Simply the share of raw material extraction and component production for the Cargotec products counts around 40% of total CO2 emissions. It is useful to remember that generally speaking 70-90% of companies’ CO2 emissions are formed in the supply chain, use and end-of-use phases (called scope 3 upstream and downstream emissions).

For Cargotec to reach the above-mentioned climate goal and tackle scope 3 emissions, various circular strategies are required. As a well-known statement goes, 80% of product’s environmental impact is determined at design stage.

How products are designed, manufactured and used, and how multiple lifecycle thinking is embedded in service offering from the outset are crucial starting points for further development. In addition, material choices play a critical role; selecting low-carbon and circular materials including how they are sourced and used, should be part of the solution toolbox. For example, recycled steel generates over 60% less emissions than primary steel (1,2kgCO2e/kg compared to 3,3kgCO2e/kg).

We recently held a webinar with the Cargotec staff to further explore what is actually meant by circular business, what the business benefits are and how different circular strategies for Cargotec look like.  We talked about the topics such as the concept of decoupling growth from the use of virgin raw materials and resources, and how circularity could be embedded into Cargotec’s Sustainable by Design approach.

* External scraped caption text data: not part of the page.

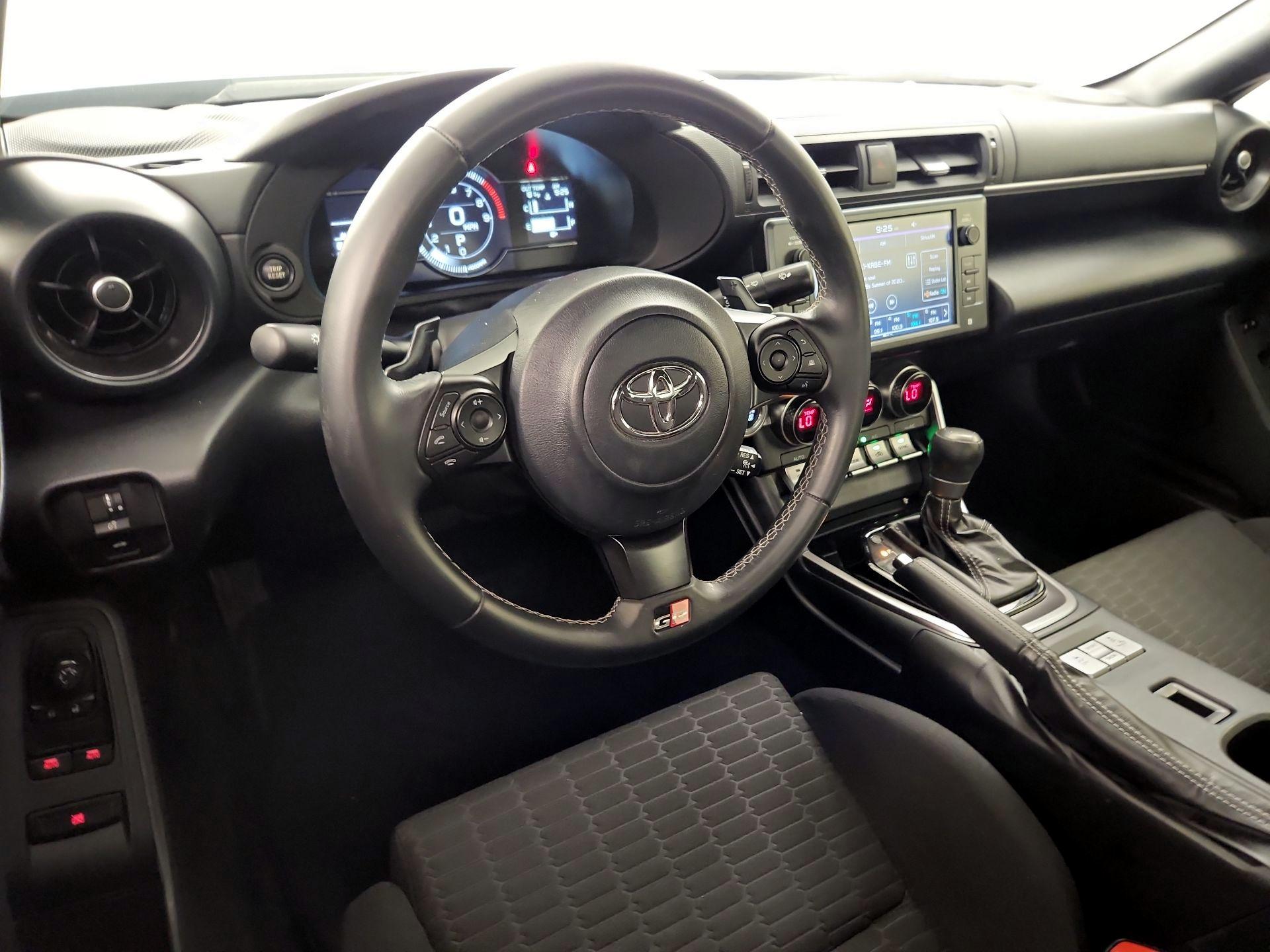 Thumbnail: 2023 Toyota GR86 - 9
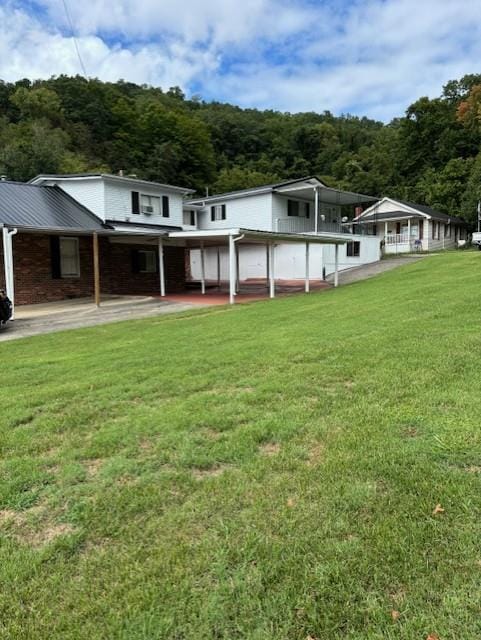 exterior space featuring a lawn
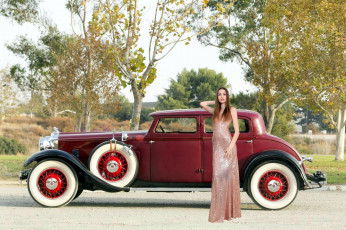 Картинка автомобили -авто+с+девушками elle tan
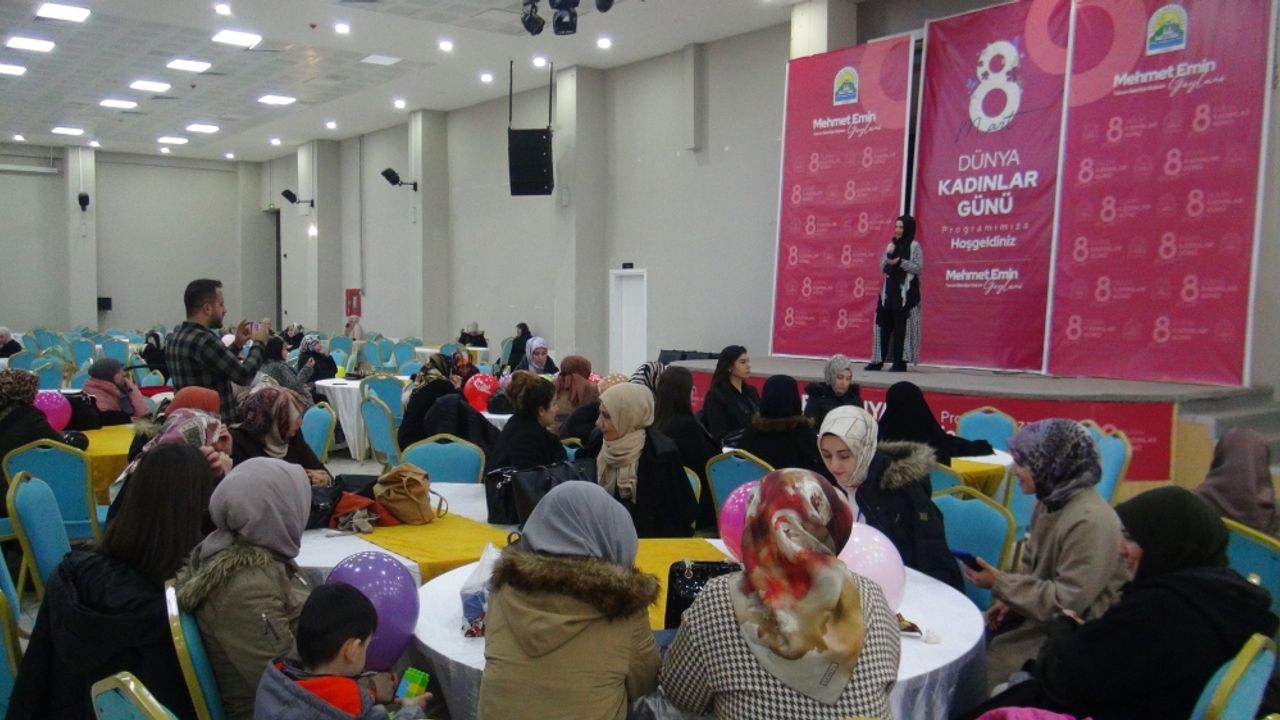 Tatvan'da 8 Mart Dünya Kadınlar Günü etkinliği düzenlendi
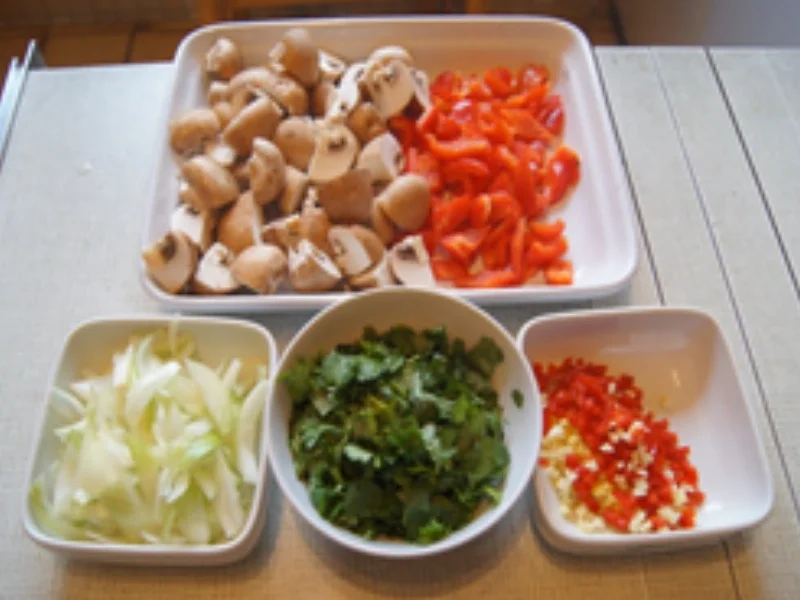 Chicken Curry mit Kokosmilch, gemischten Gemüse und gelben Basmatireis - Rezept - Bild Nr. 15105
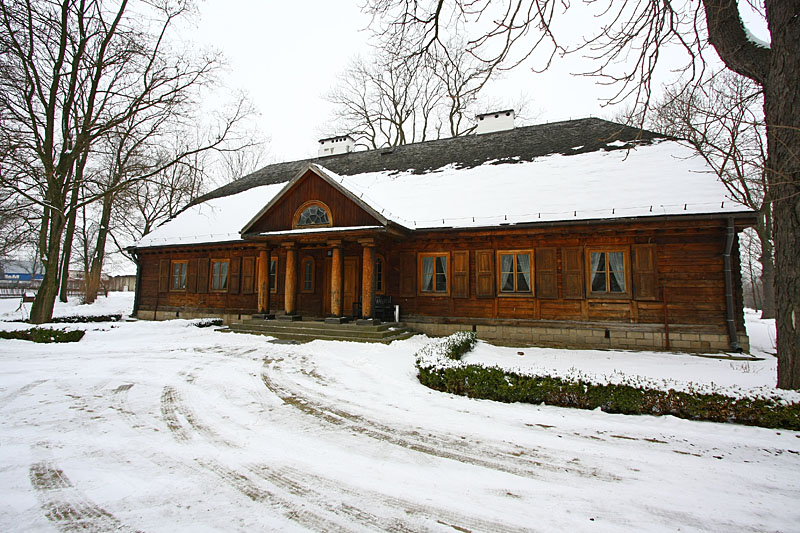 Manor House - The Atrists Work House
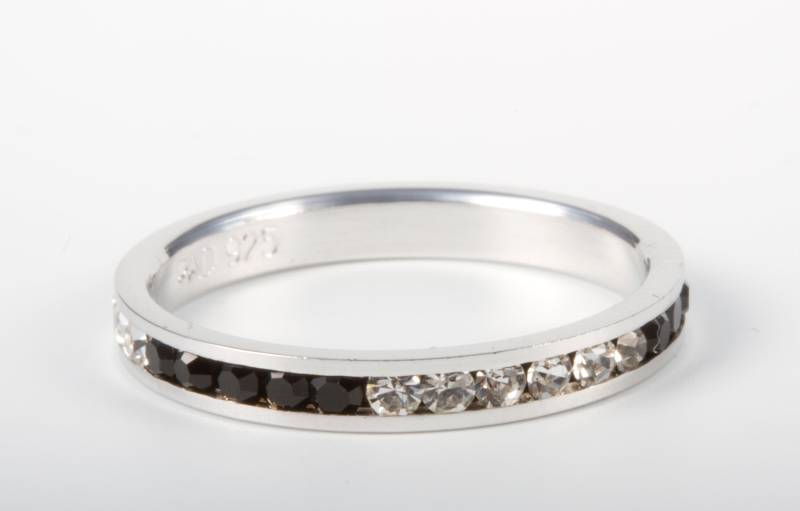 Sterling Silber Jet Schwarz & Klar Kanal Set Eternity Ring - Stapelring Trauring Handgemachter Verlobungsring von TraditionsJewelryCo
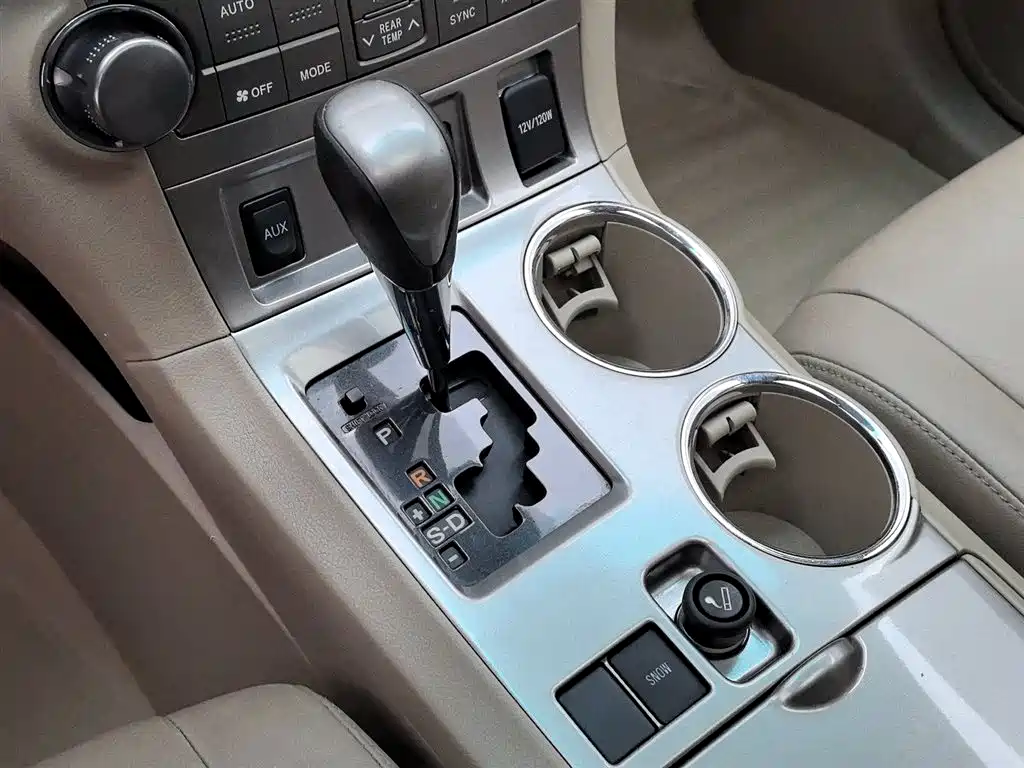 Toyota Highlander 2012 2.7L 2WD 7-Seater Luxury Edition фото 13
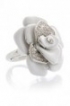 Prsten Bílá růže Kenneth Jay Lane zdobená krystaly Swarovski  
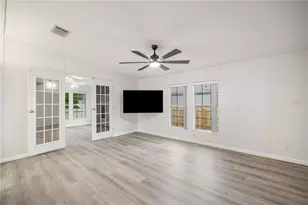 5230 Lexington Cir, Wildwood, FL 34785 - Photo 9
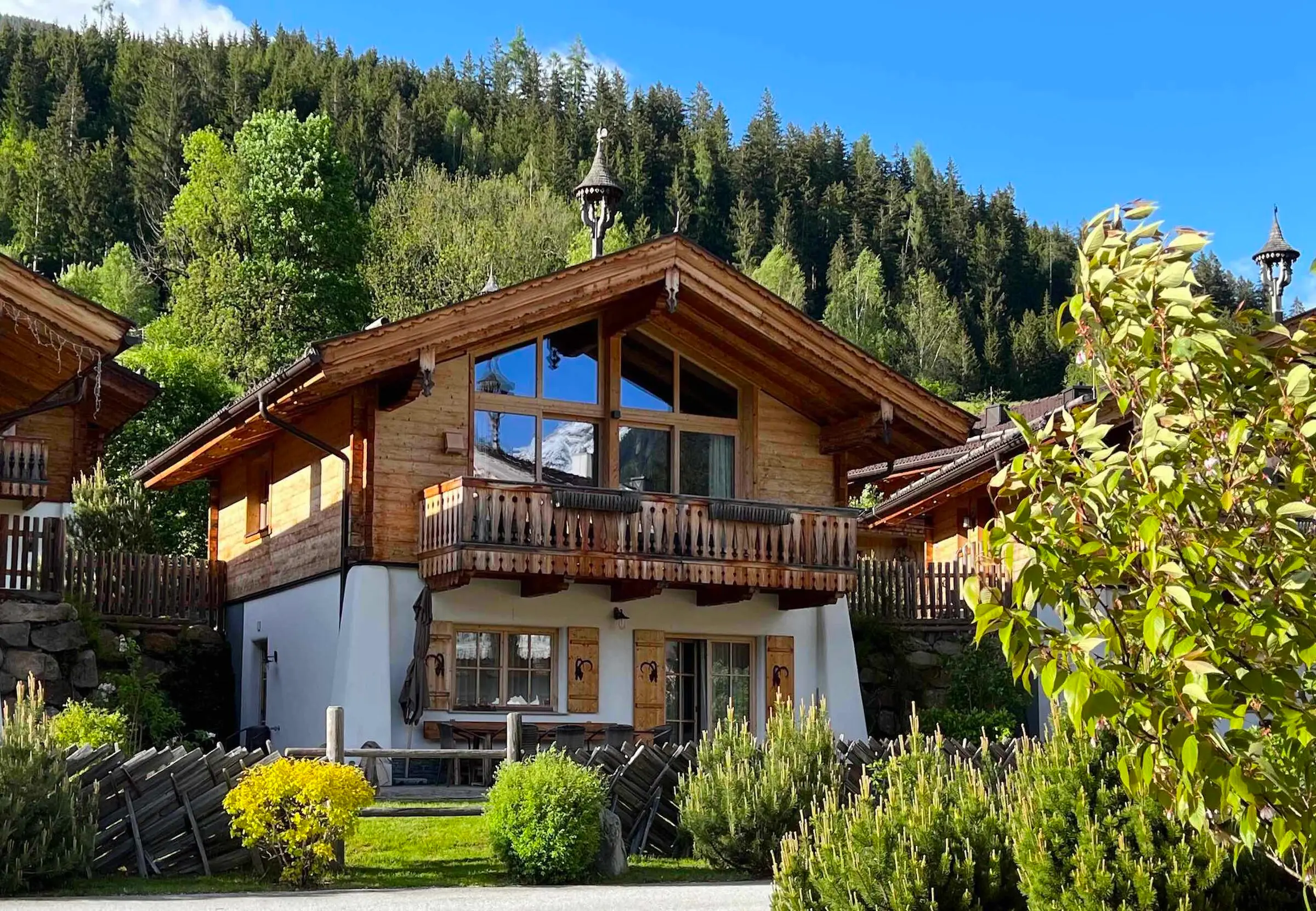 Exterior summer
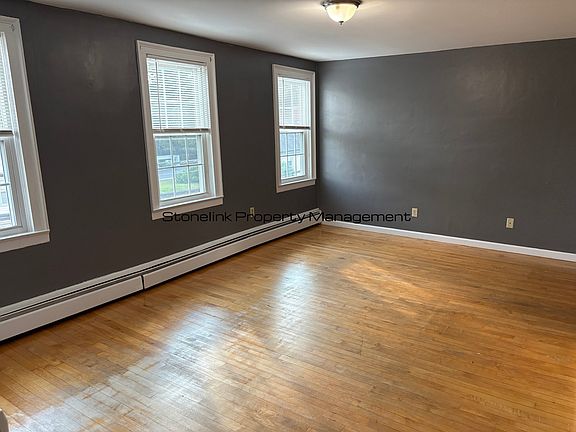 3rd image of 176 Harrisville Main St APT 6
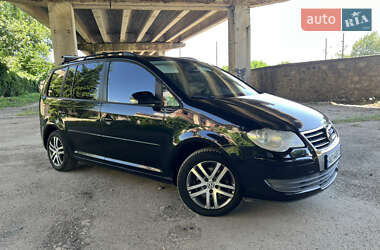 Минивэн Volkswagen Touran 2008 в Мукачево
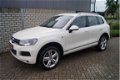 Volkswagen Touareg - 3.0 TDI Bluemotion Technology Highline 4-Motion Autom R-LINE - 1 - Thumbnail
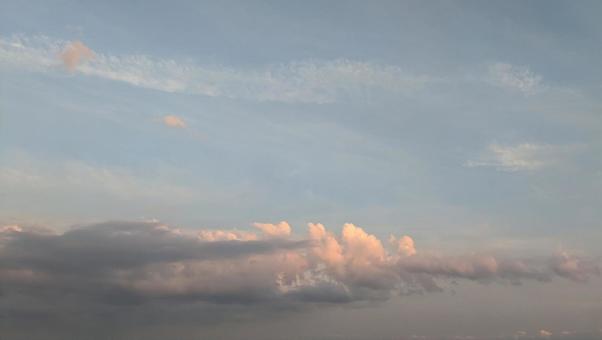 夕焼け壁紙 幻想的な雲模様 夕焼け壁紙 幻想的な雲模様の写真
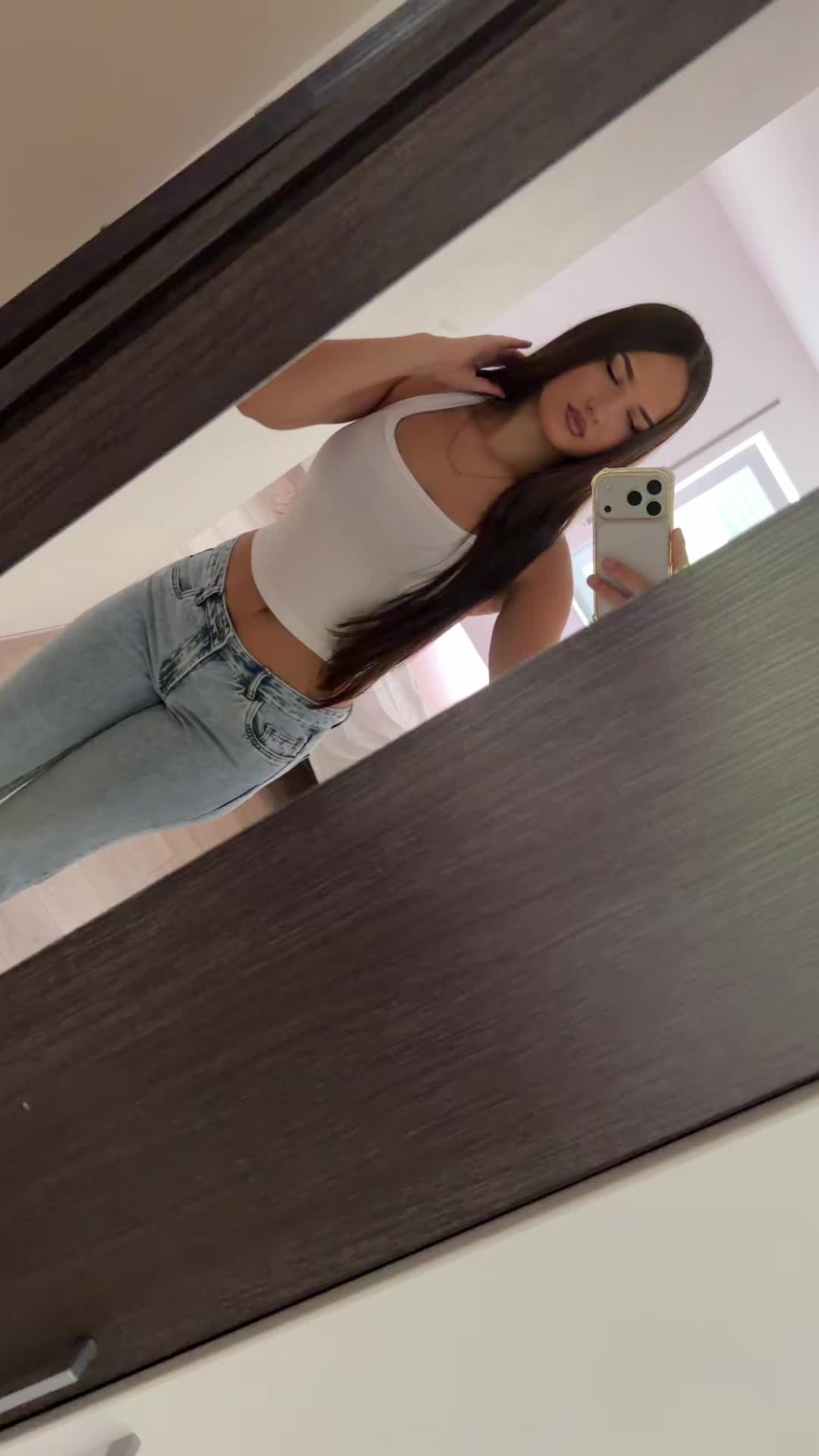 @𝐋𝐕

After the webinar we sat down with Päivi Koivisto, Sustainability Director.

Cargotec is in a good position to move towards circularity. What are the steps you’ve already taken as a company?

Sustainability is a fundamental part of Cargotec’s strategy. We are particularly focusing on making a difference in climate matters. We have set ambitious long-term and short-term goals and are measuring our success through C02 equivalent reductions and growth of eco portfolio sales. As the majority of our emissions come from the use phase of our product, that is our focal point in innovation. We want to help our customers in their sustainability journey by offering new sustainable products and services. One concrete example of this is Kalmar’s fully electric portfolio, which was launched in December 2021. We are also revising the criteria of eco portfolio to align with the EU Taxonomy.

In addition to climate targets, what are your drivers to develop your operations? And regarding future opportunities, is there something in the pipeline that you could tell us about?

If we look at our climate targets and actions, one of the most exciting collaborations we have ongoing is with SSAB with whom we are working to pioneer fossil-free steel in the cargo-handling industry. In addition to our climate actions, we are working on many other sustainability topics. We want to partner with our suppliers in order to achieve our ambitious climate targets but also to make the whole supply chain more responsible. As one example, we recently joined the Responsible Minerals Initiative in order to be better positioned to address the responsible minerals sourcing issue in our supply chain.

How do you see Cargotec’s future, will it be circular?

Yes, definitely. Circularity and circular business models are needed to achieve our climate targets. Circularity helps to eliminate waste from our value chains, i.e. make them more resource and energy efficient. We are looking into opportunities to make our product portfolio and business models more circular and by doing so reduce the environmental footprint and create more value for our customers.